Here's kind of a tour of our adventureth in thyberthpace, its bigger-on-the-inside dealio and its casual profundities.
theBlu: Encounter is usually the intro. With or without audio, depending on where I think that person is at. When you are acting as the "dealer" for these things, you have to determine the client's level of tolerance. The level of stimulation we are comfortable with has a brain component, certainly, but we've trained that brain also to gate and absorb this stuff. I can remember back when Bioshock came out, I thought that intro was slash is so cool, but it was too much for Brenna - she couldn't get all the way to Rapture. And that was just on a screen across the room, not a helmet that hijacks the optical nerve. Right now, the room-scale inBlu: Encounter is more or less VR 101. You can see your hands in there, but they don't do much; you can walk around and get comfortable, but the experience is a specific length and then it ends and that's what's up. These are all good things in this context.
Tilt Brush is a three dimensional paint canvas; Gabriel has talked about it before. He uses it every day. You can actually see the massive, terrifying prong he drew in panel two, which is just a shot he took from inside the app. I can't emphasize this enough: he did not draw that for this strip. It was saved in the gallery. It's possible to feel some kind of virility emanating from that prodigious rod, even though it looks like it's composed of turkey cold cuts and wet gyro meat.
Once a person has their sea legs from inBlu: Encounter, or if they're already a gamer, I put them in Job Simulator, which sometimes has the suffix "The 2050 Archives." It is about a future time where robots do all work, and humans "work" as a form of leisure. I put people in the office sim because the theme is great, that can grease the wheels, and it's just... fun. But also because it's a work of genius.

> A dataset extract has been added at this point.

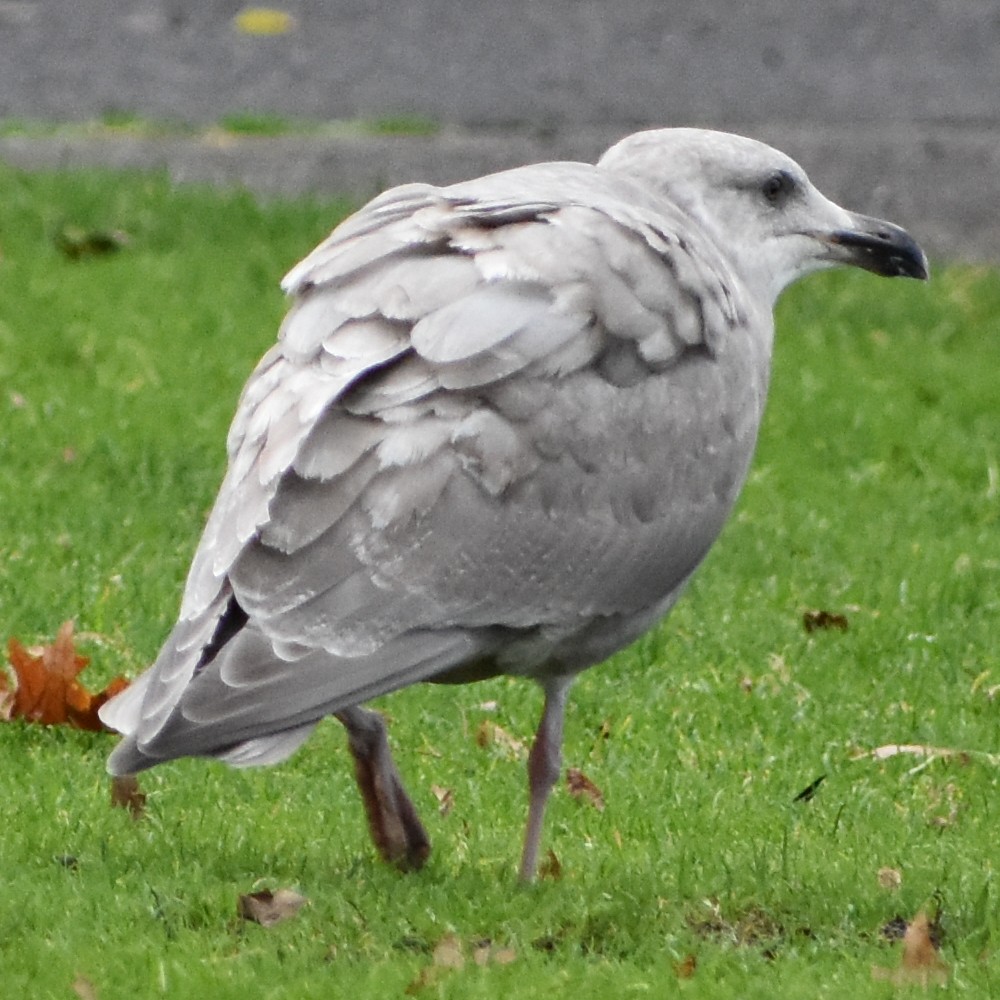 Goéland à ailes grises - ML647083171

Shenmue is one of my favorite games because when my flashlight was out of batteries, I went to the store and got new batteries. I checked the bus schedule to find out when the bus would come. And if I came home late, it made my mom sad. I came home late a total of two times and after that I couldn't bear it. I needed money so I had to get a job. I would describe these interactions as "magical," even though they're (technically speaking) the opposite of that.
Abstraction is cool because it allows simple systems to evoke larger systems. It can even make simple things granular, exposing things about those interactions that are revelatory; think of how a turn based game like XCOM uses time. But when I enter a simulation that privileges the vast knowledge that I have about physics and three dimensional space, when I play a game where I am already an expert and the solutions aren't some Lucasarts type shit where I can't go to Mars because I am impersonating the wrong lemur, that's the "magic." Magic is the disparity between the actual and the expected. And I expect to engage in highly abstract interactions in games to accomplish basic things.
The developer, Owlchemy Labs, has just thought about this stuff a lot. They chipped away at the interaction models we expect, and when they were done chipping, there was nothing left. There was nothing in the way of your intention. Nations are founded on less.